File Formats

When reading or writing rows (:array) or records (:hash), IOStreams converts each line to or from the file’s tabular format. The following formats are supported:

:csv Comma Separated Values
:psv Pipe Separated Values
:json One JSON document per line
:fixed Fixed width columns
:array Each line is already an array of values
:hash Each line is already a hash

Format inference

The format is inferred from the file name when it contains a recognized extension:

IOStreams.path("sample.csv").each(:hash) { |record| p record }
IOStreams.path("sample.json").each(:hash) { |record| p record }
IOStreams.path("sample.psv").each(:hash) { |record| p record }

The format extension can appear anywhere in the file name, so sample.csv.gz and sample.json.pgp are recognized as CSV and JSON respectively.

When the file name does not contain a recognized format extension, the format defaults to :csv.

Specifying the format

When the file name cannot be used to infer the format, set it explicitly with format:

path = IOStreams.path("sample_data")
path.format(:json)
path.each(:hash) { |record| p record }

format can be chained with the other path methods:

IOStreams.path("sample_data").format(:json).each(:hash) { |record| p record }

Format options

Format specific options are supplied with format_options. They are passed to the parser for the chosen format. The :fixed format requires its file layout to be supplied this way, as shown in the next section. The other formats do not currently take any options.

Fixed width files

Fixed width files have no delimiters; each column is identified by its position within the line. Since the layout cannot be inferred from the file, supply it using format_options:

path = IOStreams.path("sample_data")
path.format(:fixed)
path.format_options(
  layout: [
    {size: 23, key: "name"},
    {size: 40, key: "address"},
    {size: 5,  key: "zip"}
  ]
)
path.each(:hash) { |record| p record }

Writing a fixed width file uses the same layout to render each record:

path = IOStreams.path("sample_data")
path.format(:fixed)
path.format_options(
  layout: [
    {size: 23, key: "name"},
    {size: 40, key: "address"},
    {size: 5,  key: "zip"}
  ]
)
path.writer(:hash) do |io|
  io << {"name" => "Jack Jones", "address" => "Somewhere", "zip" => 12345}
end

Note: The keys in the hashes being written must match the layout :key values exactly, including whether they are strings or symbols.

Layout column definitions:

:size The number of characters this column occupies. The last column may use a size of :remainder to take the rest of the line as its value.
:key The name for this column. Leave out the key to ignore the column during parsing, and to space fill when rendering.
:type :string (default), :integer, or :float. Strings are left justified and space padded, numbers are right justified and zero padded. Raises IOStreams::Errors::ValueTooLong when an :integer or :float value cannot be rendered in size characters.
:decimals For :float columns, the number of decimal places to render.
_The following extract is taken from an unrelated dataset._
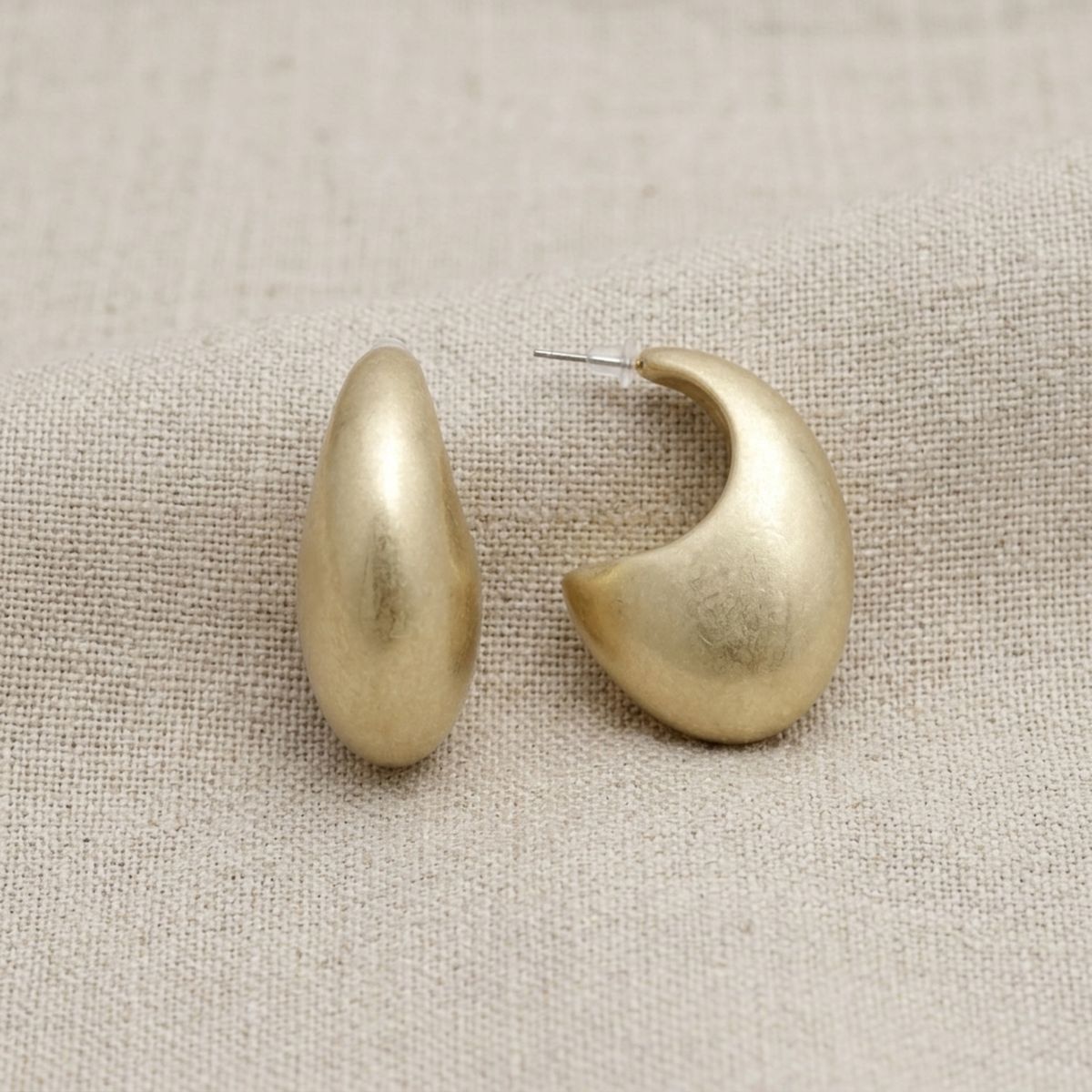Hoop Matte Gold Chubby Crescent Earrings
Default: 2

In addition to layout, the :fixed format takes one more option:

truncate: [true|false] Whether to truncate string values that are longer than their column :size when writing. When false, a string value that is too long raises IOStreams::Errors::ValueTooLong instead of being truncated. Numeric values are never truncated. Default: true

Header options

When reading or writing records (:hash), the following options control the header row:

columns: [Array<String>] When reading, supplies the header columns for files that do not include a header row. When writing, sets the columns to write, including their order. Keys not listed in columns are ignored during writes.
cleanse_header: [true|false] Whether to cleanse the column names read from the header row. Column names are stripped of leading and trailing whitespace, lowercased, and spaces and dashes are converted to underscores, so the header " First Name " becomes "first_name". Default: true
allowed_columns: [Array<String>] List of columns to allow. Any other columns are ignored when skip_unknown is true, otherwise an IOStreams::Errors::InvalidHeader exception is raised. Default: nil (allow all columns)
required_columns: [Array<String>] List of columns that must be present, otherwise an exception is raised.
skip_unknown: [true|false] When true, any columns not present in allowed_columns are skipped entirely as if they were not in the file at all. When false, an unknown column raises IOStreams::Errors::InvalidHeader. Default: true

Example, reading a headerless CSV file:

path = IOStreams.path("no_header.csv")
path.each(:hash, columns: ["name", "address", "zip"]) do |record|
  p record
end

Example, writing only specific columns in a fixed order:

path = IOStreams.path("sample.csv")
path.writer(:hash, columns: ["name", "zip"]) do |io|
  io << {"name" => "Jack Jones", "address" => "Somewhere", "zip" => 12345}
end
path.read
# => "name,zip\nJack Jones,12345\n"

Note: Column names are converted to strings, and the keys in the hashes being written may be strings or symbols.